David Green

David Green (Books) is the imprint under which I publish booklets of my own poems, or did. The 'Collected Poems' are now available as a pdf. The website is now what it has become. It keeps me out of more trouble than it gets me into. I hope you find at least some of it worthwhile.

Saturday, 11 March 2017

Portsmouth Choral Union - Samuel Wesley

Portsmouth Choral Union and soloists, Southern Pro Musica/David Gostick, Samuel Wesley, Confitebor Tibi Domine, St. Mary's Fratton, Mar 11th

Some concerts you go to knowing the music as a trusted favourite, others knowing the composers but perhaps not the pieces and others are more of a trip into the unknown. I didn't know quite what to expect of Samuel Wesley and my expectations were ambushed because what I thought I knew about Wesley wasn't right. And for once I decided to forego the trifling expense of a programme in an aberration of parsimoniousness.

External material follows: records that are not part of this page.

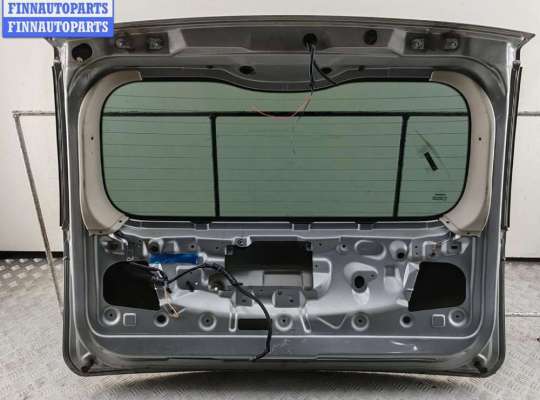 купить Крышка багажника (дверь задняя) на Nissan Note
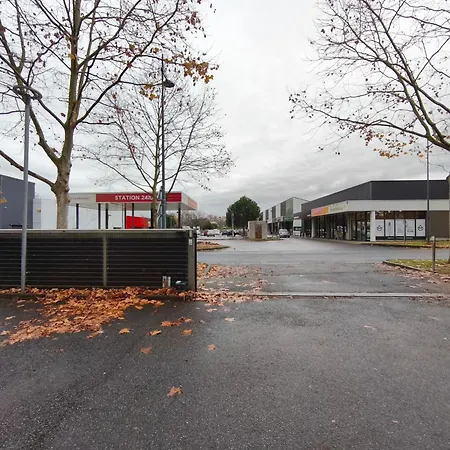 Calme-2 Pers-parking Gratuit-clim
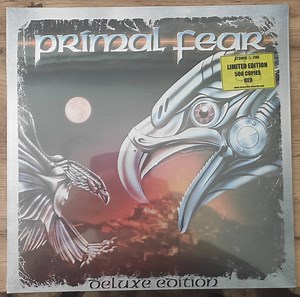Primal Fear - Primal Fear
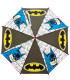CHILDREN'S HANDHELD UMBRELLA BATMAN TRANSPARENT 2 COLORS - CHILDREN'S UMBRELLAS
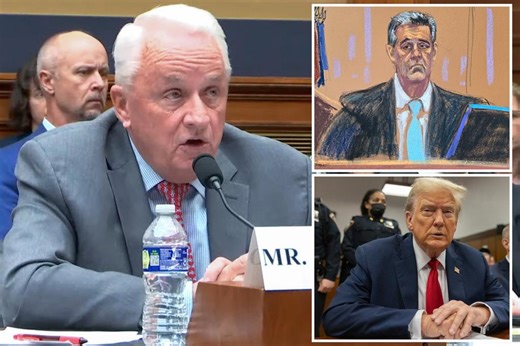 Michael Cohen’s ex-lawyer tells Congress Trump ‘fixer’ lied about ‘hush money’ — and that former prez knew nothing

That would have helped with some last minute homework.
The Wilderness was a choral piece that didn't do much for me until the soloists made their contributions and they promised more for the main feature. The Organ Duet did similar things by building layers of thematic material until ending with an impressive flourish but by the interval I was yet to be convinced.
The large scale, nearly 70 minutes, of the Confitebor immediately offered reassurance with its opening strings remeniscent of Handel. I now find that Wesley was earlier than I'd thought, only ten years younger than Mozart, which revises my idea that this was pastiche, backward-looking music because he had every right to sound like that, not being more Victorian as I had been assuming. As son of the hymn-writer, Charles and nephew to the founder of Methodism, John, he was known as the 'English Mozart' which makes me wonder why a Methodist was setting a Latin text but explains why one impressive aria by the excellent Claire Seaton brought to mind the Queen of the Night. The Southern Pro Musica strings had a gorgeous tone and carried the oratorio, is it, through its range of solo, ensemble and choral parts, adding Bach's B Minor Mass to the litany of comparisons that could be made in its blend of baroque and classical styles.
So, a whole-hearted success and I'm grateful to the Choral Union for putting on this piece which extended my education in an area that I thought I was reasonably well-read in. It is a monumental work of English choral music that one really wouldn't want to be without.
If all the soloists put in fine performances, it was Claire Seaton, whose incapacity was clearly no handicap to her singing, that made the greatest impression and one was left very pleasantly surprised by the whole evening which overcame any early doubts and ended in resounding splendour.